Nintendo recently announced that its next-generation video game console (which it had been referring to by the codename "Revolution") would be called the "Wii" (pronounced "we"). Response from the gaming web has been somewhat tepid. How could Nintendo replace a perfectly good (and dare I say masculine?) name like "Revolution" with something like "Wii"? (More after the jump.)
Here is the text that Nintendo used to introduce the name for its new console:
Introducing… Wii. As in "we." While the code-name "Revolution" expressed our direction, Wii represents the answer. Wii will break down that wall that separates video game players from everybody else. Wii will put people more in touch with their games… and each other. But you're probably asking: What does the name mean?
Wii sounds like 'we,' which emphasizes this console is for everyone. Wii can easily be remembered by people around the world, no matter what language they speak. No confusion. No need to abbreviate. Just Wii.
Wii has a distinctive "ii" spelling that symbolizes both the unique controllers and the image of people gathering to play.

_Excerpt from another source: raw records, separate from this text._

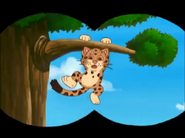 Look! Baby Jaguar is stuck in the tree! (He's in trouble again!)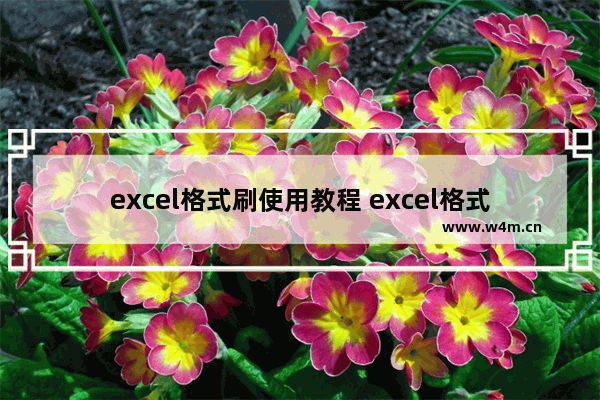 excel格式刷使用教程 excel格式刷怎样用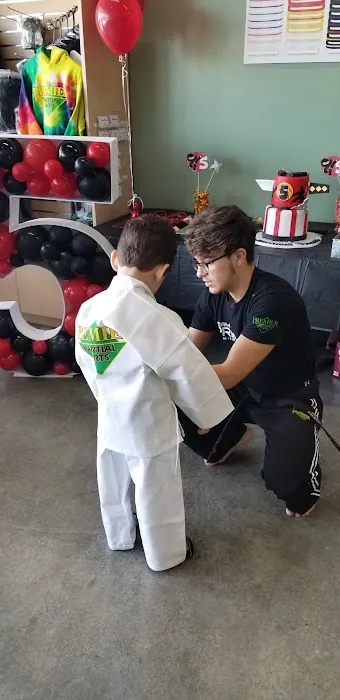 Premier Martial Arts - Shadow Creek - Pearland TX Picture 2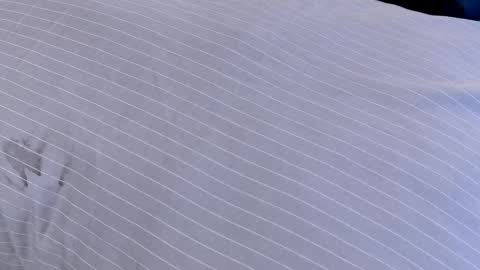 Dilldough405 online show from 02.24.25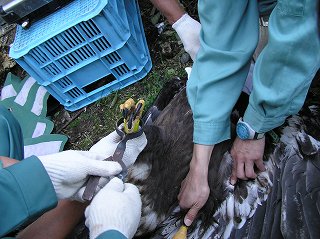 写真：ハクトウワシに個体識別の足環をつけている様子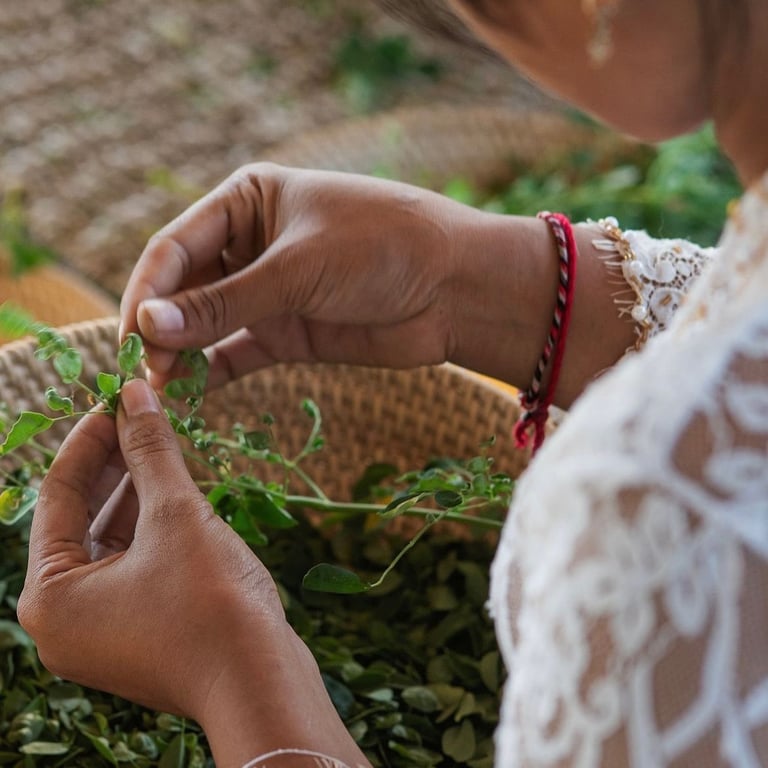 A typical day at Treelogy: local women carefully handpick moringa leaves, known as 'ngelorot' in Balinese.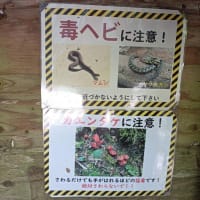 猛暑到来（756回目）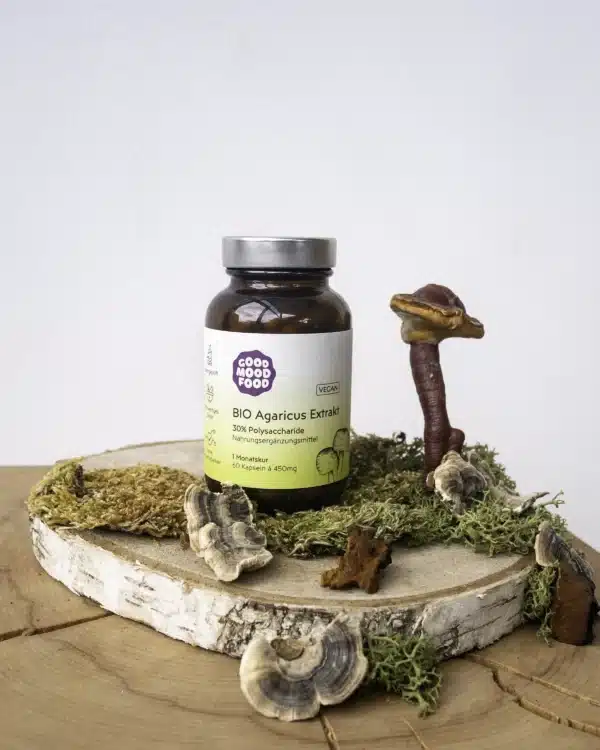 Agaricus Moodbild
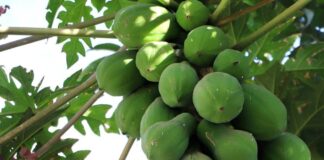 કાચા પપૈયા જે વિટામીન A,B,C,E થી ભરપુર તેના અનેક ફાયદા – Kacha Papaiya kacha papaiya na Fayda in Gujarati -કાચા પપૈયા ના ફાયદા - Papaya Fayda In Gujarati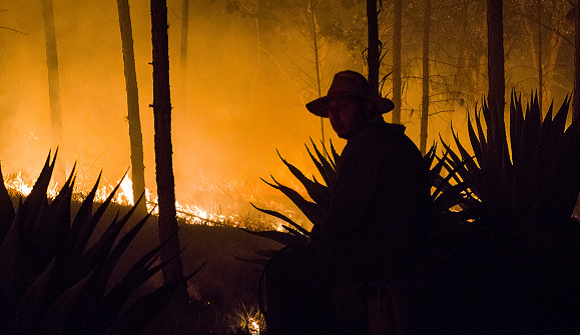Un incendio de grandes proporciones afecta este domingo a la zona montañosa de Pinares de Mayarí, Holguín, causando daños de consideración en plantaciones forestales. Foto: Emilio Rodríguez Pupo/Facebook.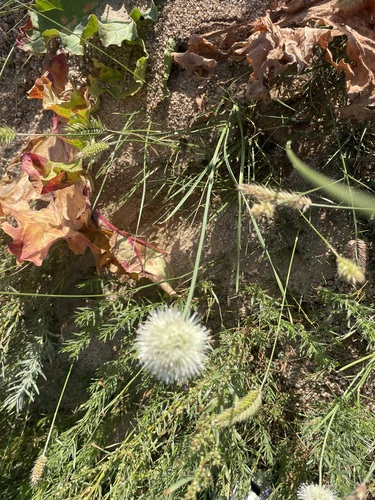 Allium flavidum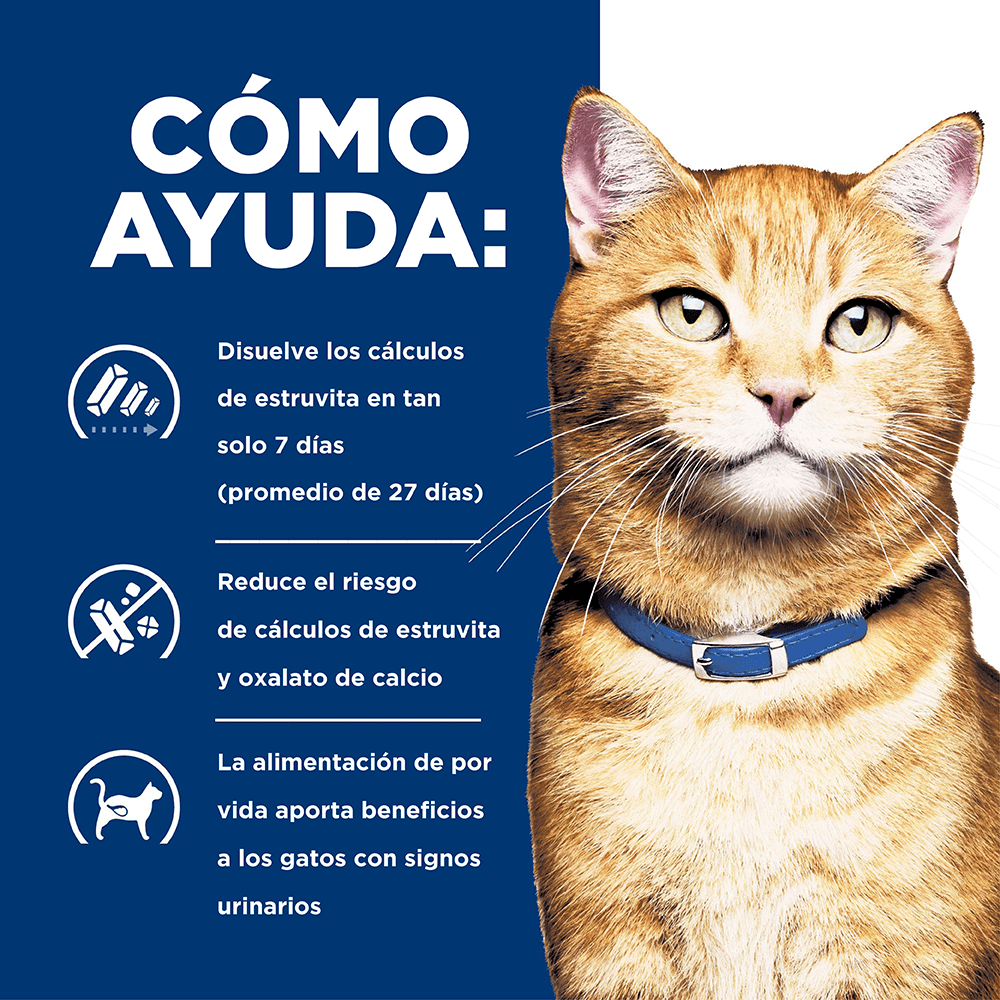 Hill's Prescription Diet c/d Gatos - PetsPlaza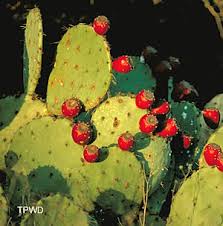 Imagine a cactus that grows rapidly in ordinary garden soil and whose luscious fruit sells at the would you want to try to grow that cactus? What S For Dinner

And Wii, as a name and a console, brings something revolutionary to the world of video games that sets it apart from the crowd.

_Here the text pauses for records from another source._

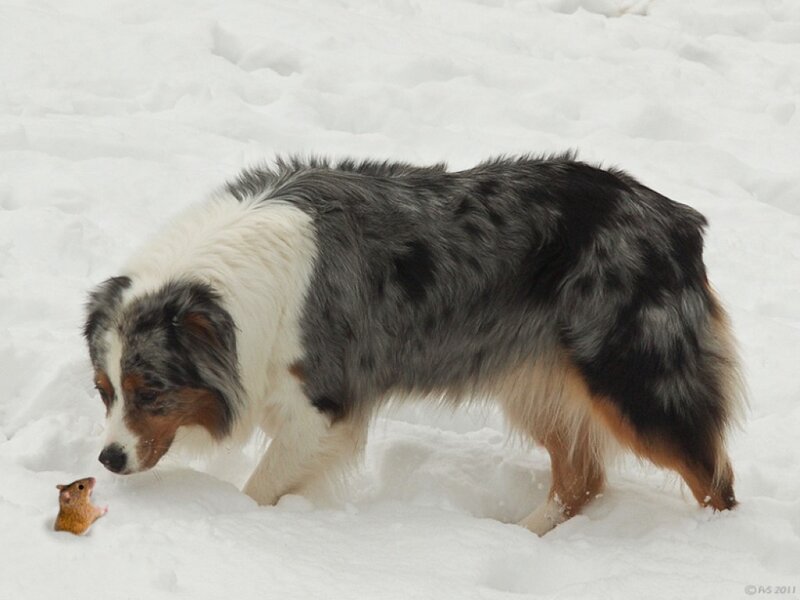 Dog and Mouse in Snow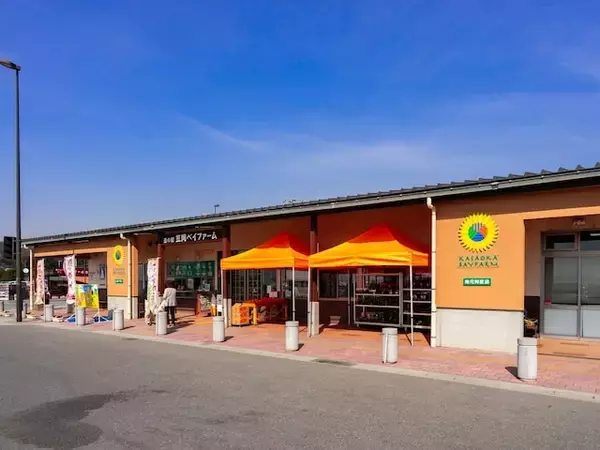 好き＆行ってみたい「岡山県の道の駅」ランキング！ 2位「笠岡ベイファーム」を抑えた1位は？【2026年調査】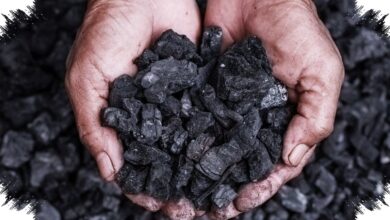 KPK Didesak Ambil Alih Kasus Batu Bara, Temuan 74 Kg Emas Picu Sorotan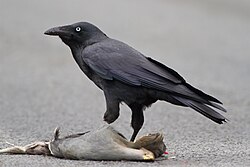 Corvids are highly opportunistic foragers. Here, a forest raven feeds on a Tasmanian nativehen hit by a car.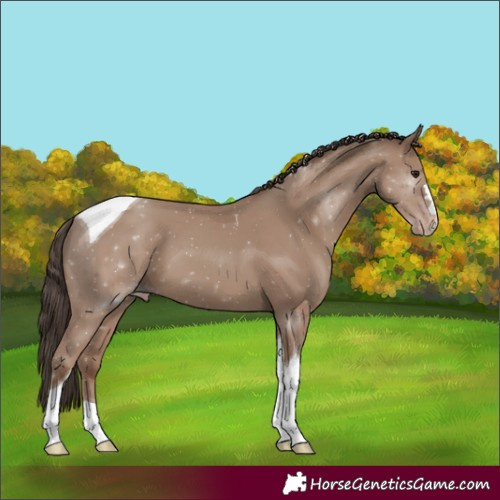 Horse Color:Classic Champagne Tobiano 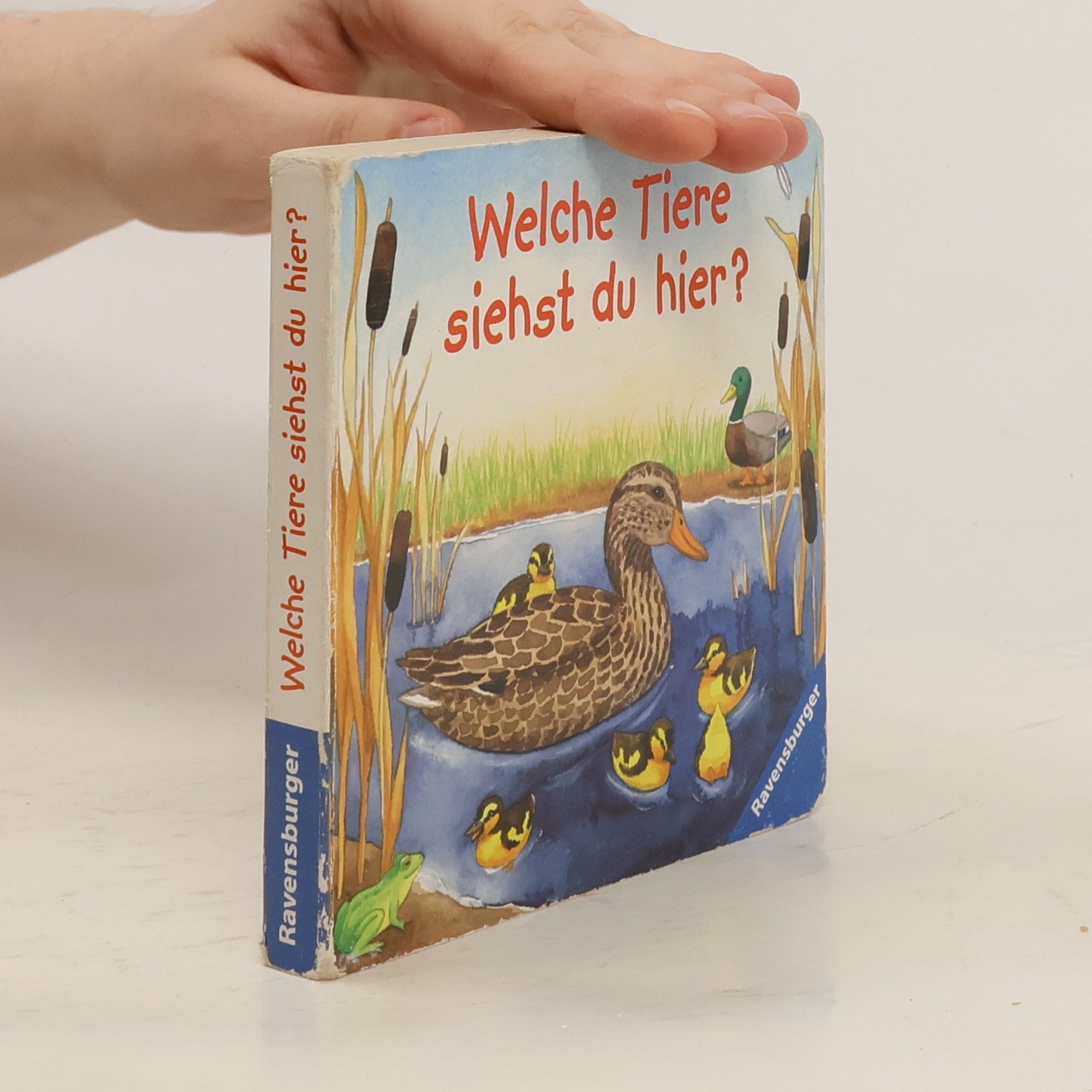 Andrea Erne Welche Tiere siehst du hier?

So that's Wii. But now Nintendo needs you. Because, it's really not about you or me. It's about Wii. And together, Wii will change everything.

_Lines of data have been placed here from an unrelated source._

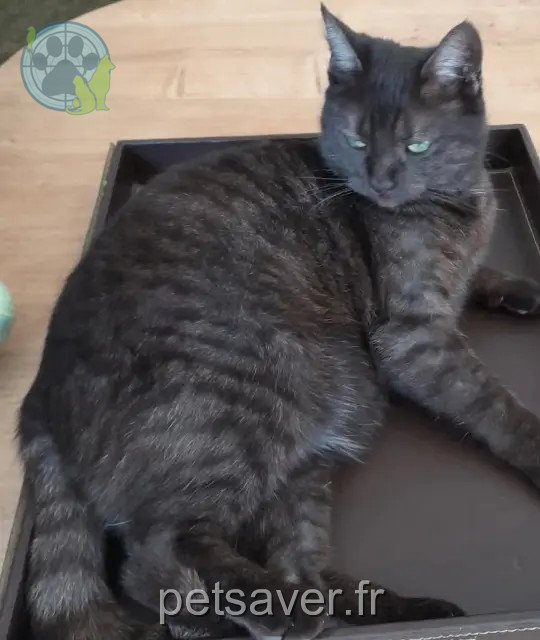 chatte reunited   14930 Vieux Chatnel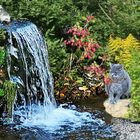 Katze am Wasser/Pegnitz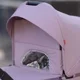 Коляска 2 в 1 Carrello Omega Plus Galaxy Pink foto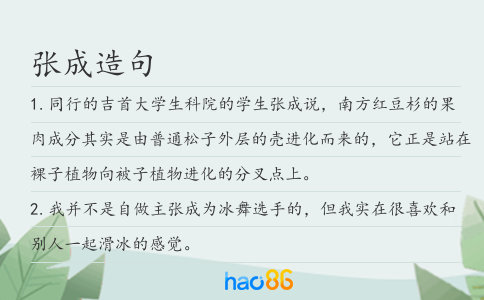 张成造句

You would think that a company the size of Nintendo would spend a huge amount of time and money researching something like the name of its console, arguably the most important branding element there is. And yet you can't escape the fact that they have chosen a name that not only means "tiny," it's also slang for "penis." Oh, and "pee" — you can't forget "pee." Yep, that's a stroke of marketing genius. Do you really want a name that people will be embarrassed to ask for in the store?
Customer (under his voice): "Um… I'd like a Nintendo Wii, please…"
Salesperson: "I'm sorry, sir? What was that?"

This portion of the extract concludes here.